Resource Availability and Computational Resources

3.7

Only one third of the studies used evaluation datasets that were publicly available (n = 30, 33.0%). Evaluation code was available in only five studies (5.5%), a notable limitation for reproducibility given the sensitivity of LLM performance to prompting and inference parameters. Among the nine studies that conducted model training, publicly available training data were reported in four studies (n = 4), and training code was specified or released in four studies (n = 4). Compute resources were reported in the majority of studies (n = 8); however, training duration and total GPU-hours were less frequently reported (n = 4 and n = 2, respectively). Overall, the availability and level of detail of information on datasets and training/evaluation procedures were limited, which may in turn constrain the reproducibility of these models.

Discussion

4

This systematic review provides a comprehensive overview of how LLMs are currently applied, developed, and evaluated within the field of ophthalmology. By analyzing 91 studies published between January 2022 and April 2025, we systematically examined 27 variables across six analytical domains. Our findings indicate that while the field is expanding rapidly, it remains dominated by the assessment of existing general-purpose models rather than the introduction of domain-specific methodological advances. Although multimodal approaches are beginning to emerge in line with broader progress in vision–language modeling, the current landscape remains largely text-centric. Furthermore, model usage is heavily concentrated among a few widely accessible proprietary systems, such as the GPT-3.5 and GPT-4 series, with comparatively limited adoption of open-source backbones (e.g., LLaMA 2 and 3) or specialized training on ophthalmic datasets. Evaluation practices exhibit a similar imbalance; most studies rely on benchmark-style testing and expert review, whereas clinically grounded validation and prospective evaluations remain markedly uncommon. In addition, we conducted a comparative analysis of benchmark results reported in prior studies alongside evaluations of newly released models, revealing continued performance gains on multiple-choice question answering tasks, with Gemini 3 achieving particularly strong results.

Novel insights from this review

To our knowledge, this review incorporates the most up-to-date literature and offers the broadest coverage to date among reviews of LLMs in ophthalmology (see Extended Data Table 3). Several prior reviews have surveyed the utility of LLMs and discussed their potential applications in ophthalmology^12,13,28–32^. In addition, a small number of studies have provided broader overviews of LLM evaluation across medical domains^33^. While sharing the goal of assessing the promise of LLMs and their proximity to clinical deployment, our review makes three distinct contributions.

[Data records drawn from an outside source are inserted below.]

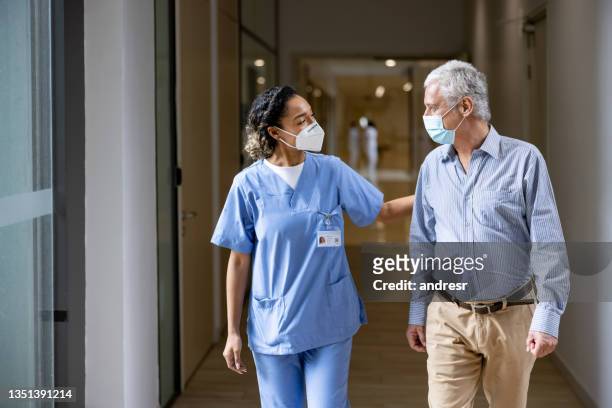 médico hablando con un paciente en el pasillo de un hospital mientras usa máscaras faciales - hospital fotografías e imágenes de stock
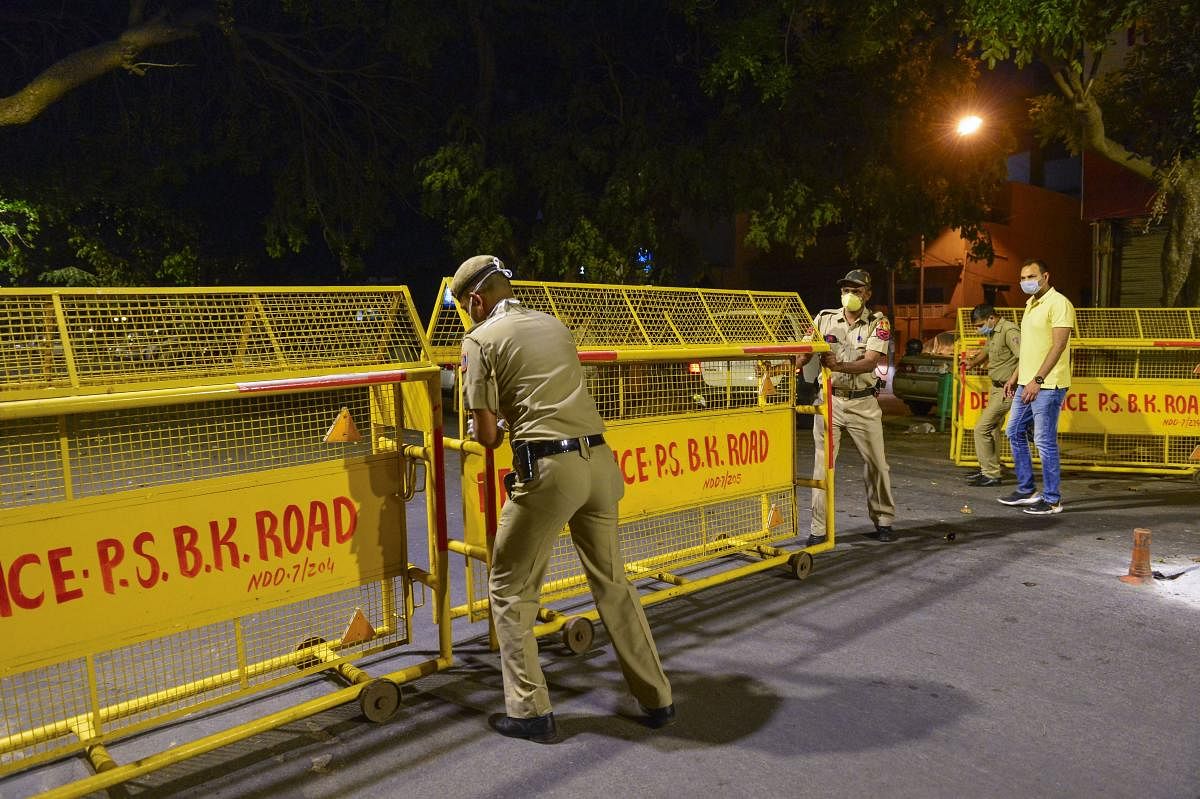 Police officials seal the Bengali market area after a case of coronavirus was reported, during the lockdown, New Delhi, Wednesday, April 8, 2020. (PTI Photo)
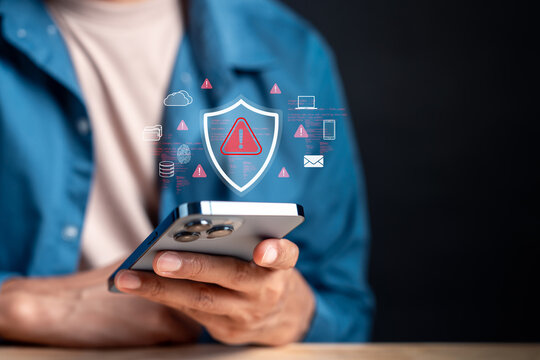 Person using smartphone with cyber security shield and warning sign. Data protection, antivirus and scam alert concept.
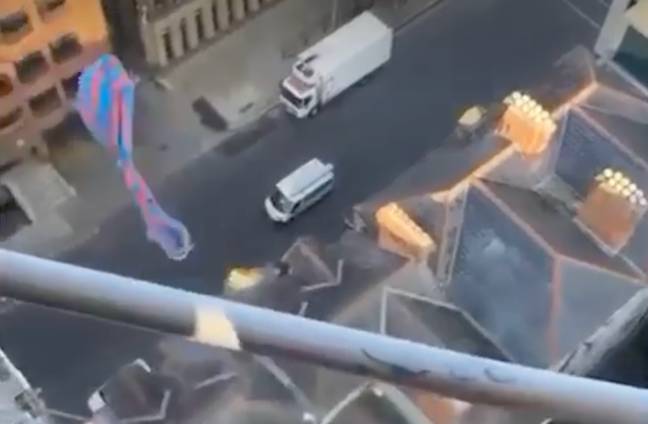 A bag of a man's poo soars through the air after he flung it off a crane in Dublin. Credit: @viralclipsirl/TikTok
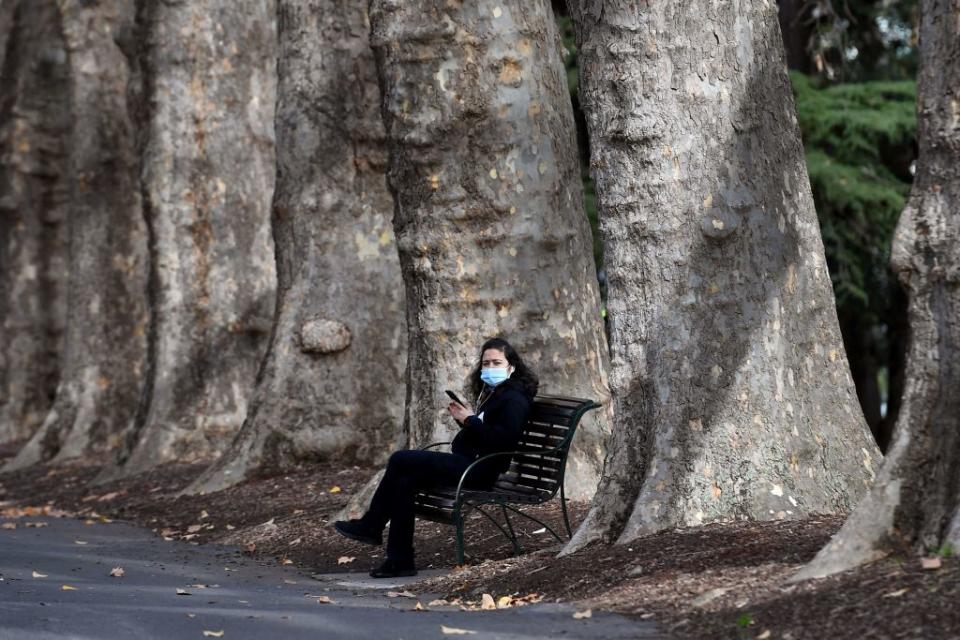 A woman takes a break on a park bench in Melbourne as the coronavirus lockdown of Australia's second-biggest city was extended by another seven days, authorities announced on June 2. 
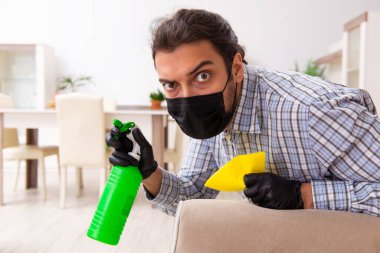 Genç erkek müteahhit Coronavirus konseptiyle evi temizliyor.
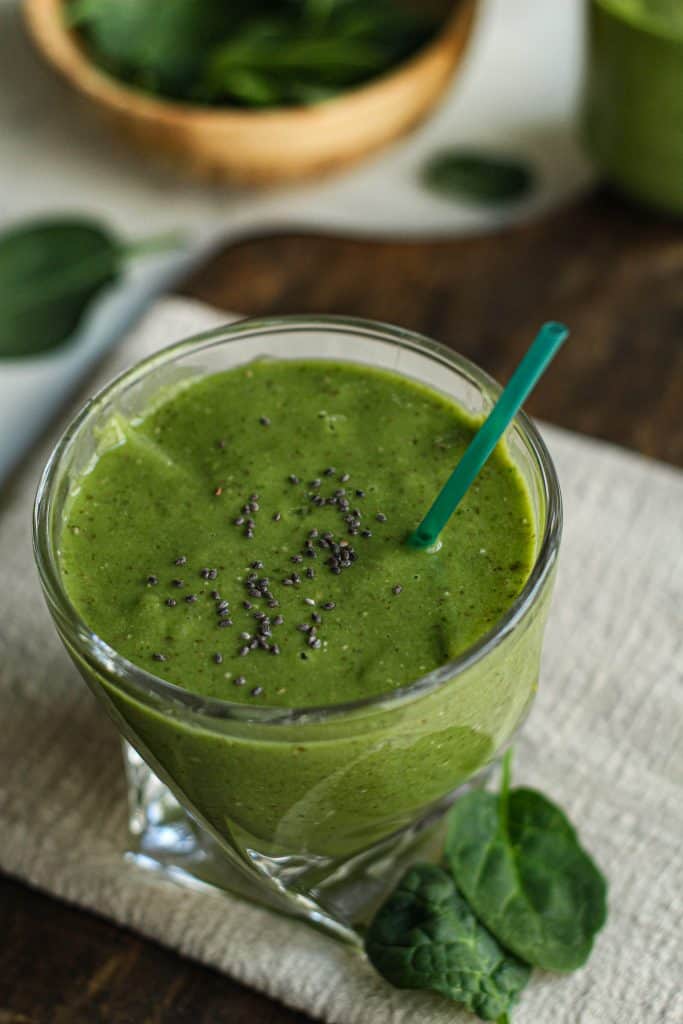 Green protein smoothie with a turquoise-colored straw with spinach leaves on a cloth lined wooden board.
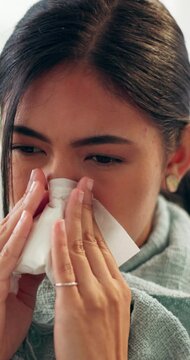 Sick, sneeze and woman in house with tissue, influenza and cold congestion in allergy season. Health, virus and person in home with paper napkin, blowing nose and viral flu in wellness risk.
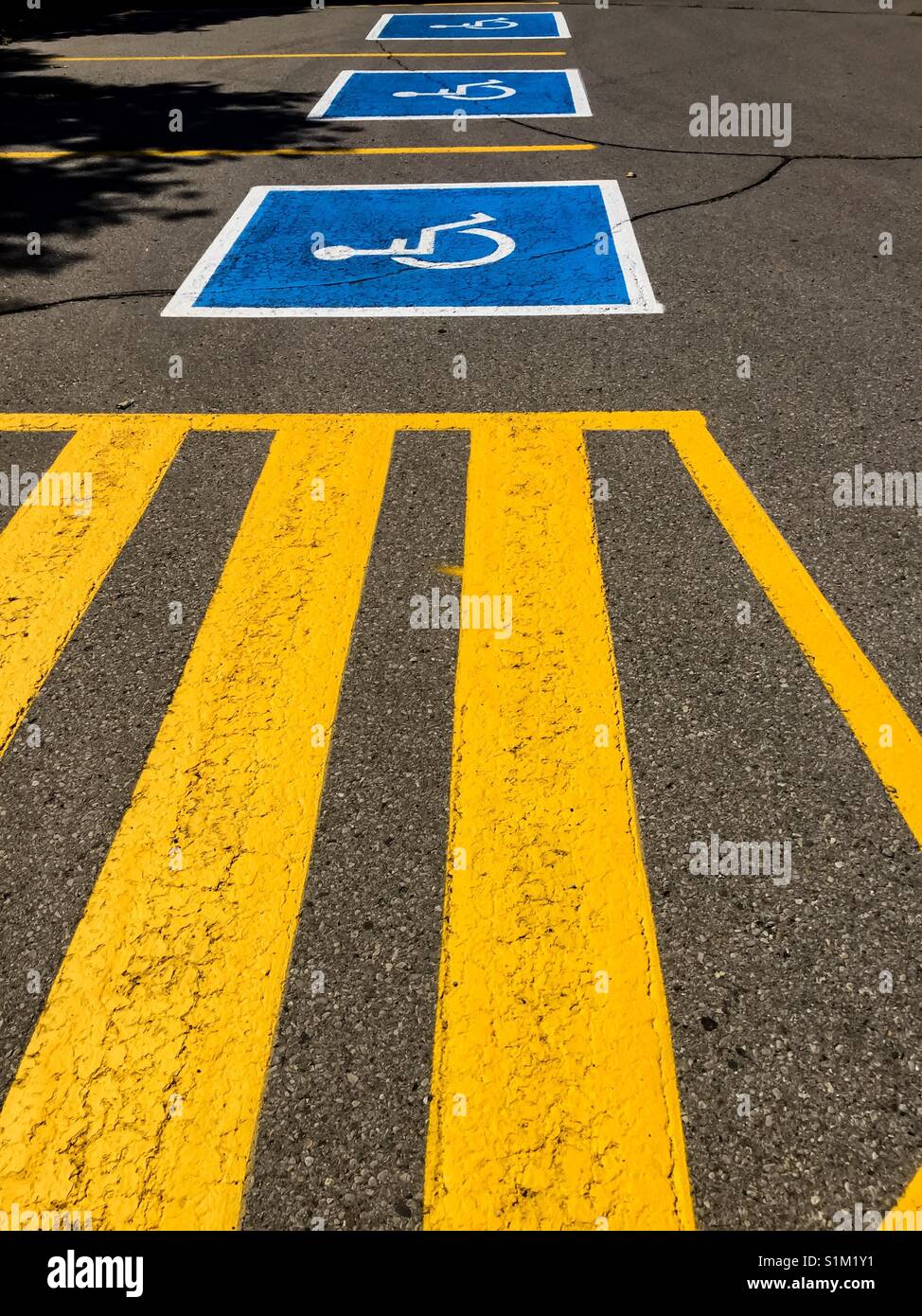 Drei rollstuhlgerechte Parkplätze im Freien. Blaue und weiße Markierungen. Schablone - Smartphone-aufgenommenes Stockfoto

First, we provide a methodological perspective that has been largely absent from prior reviews by explicitly distinguishing between text-only and multimodal systems. We begin by quantifying the extent to which existing studies contribute to model development and find that fewer than 10% of the included studies introduce substantive methodological innovations. This imbalance is particularly pronounced in text-only settings, where only 4% of studies propose domain-specific modeling advances (see Figure 3). Beyond documenting this gap, our review moves beyond prior work that has primarily focused on what LLMs are used for or how they are evaluated. Instead, we systematically examine how models are adapted and trained for the ophthalmology domain (see the “Model Development and Adaptation” section of the Results). Specifically, we analyze the types of models employed; the training strategies adopted—such as pre-training, instruction tuning, and task-specific fine-tuning—and, given the central role of multimodality, the vision encoders used and their integration with language models.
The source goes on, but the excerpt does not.